- _Work instruction_
Please print nothing but the lines from the one containing "POINTS TO REMEMBER" to the final line below, exactly, and no pictures.

- _Data items_
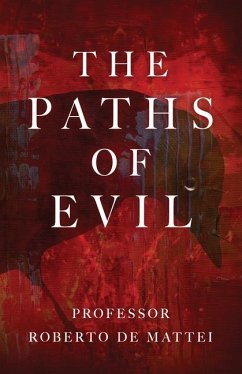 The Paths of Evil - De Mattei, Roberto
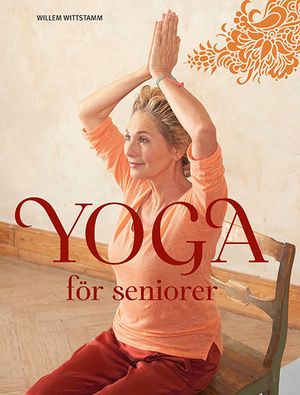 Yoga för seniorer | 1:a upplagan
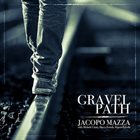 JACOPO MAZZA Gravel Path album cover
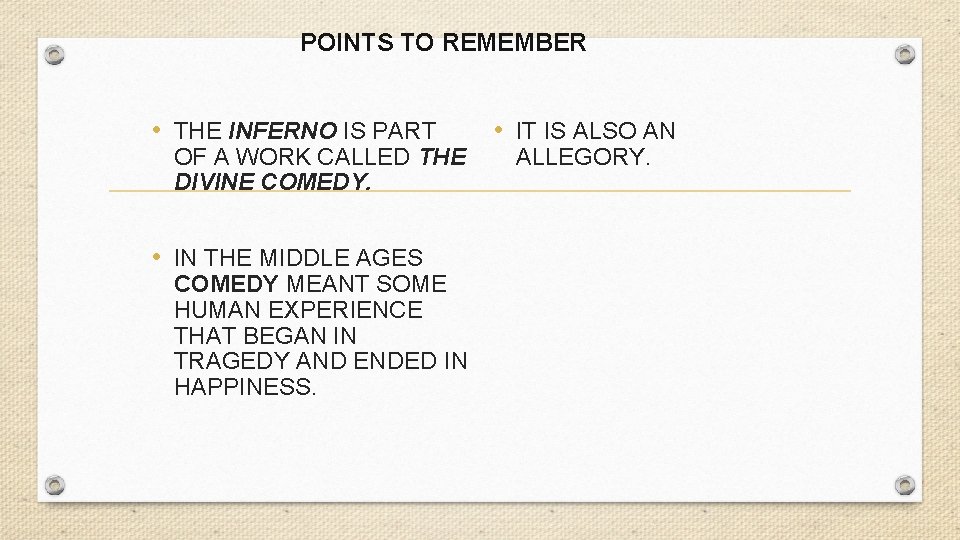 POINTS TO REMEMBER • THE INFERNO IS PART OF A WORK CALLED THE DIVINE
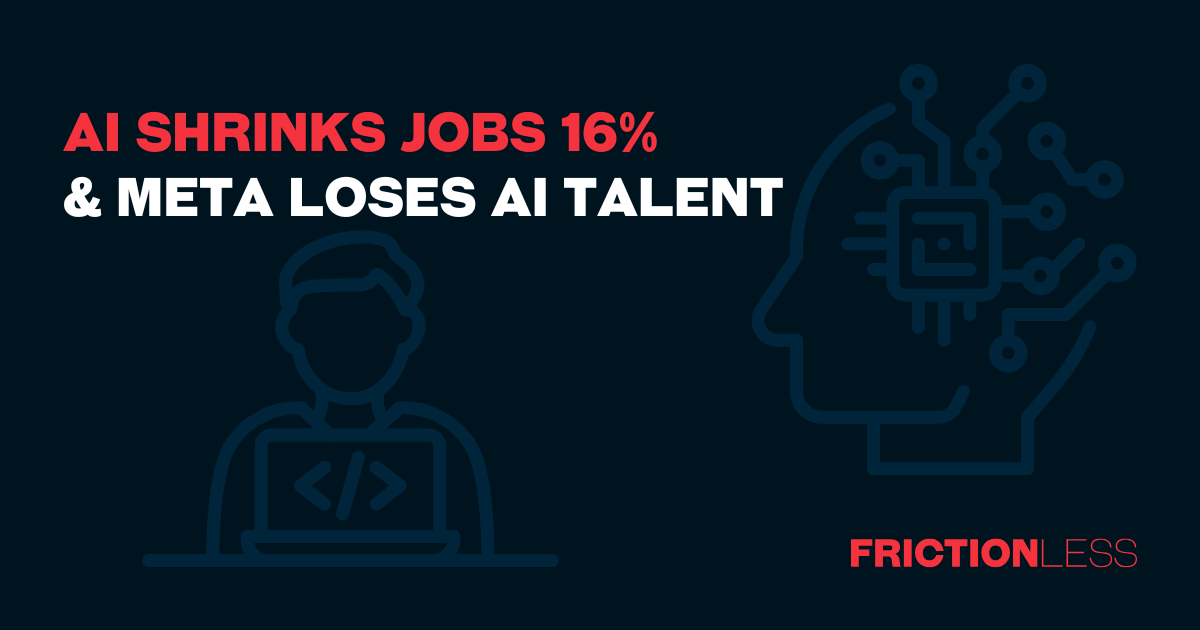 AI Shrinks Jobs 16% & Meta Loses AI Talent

- _Answer for this exercise_
 POINTS TO REMEMBER • THE INFERNO IS PART OF A WORK CALLED THE DIVINE
 AI Shrinks Jobs 16% & Meta Loses AI Talent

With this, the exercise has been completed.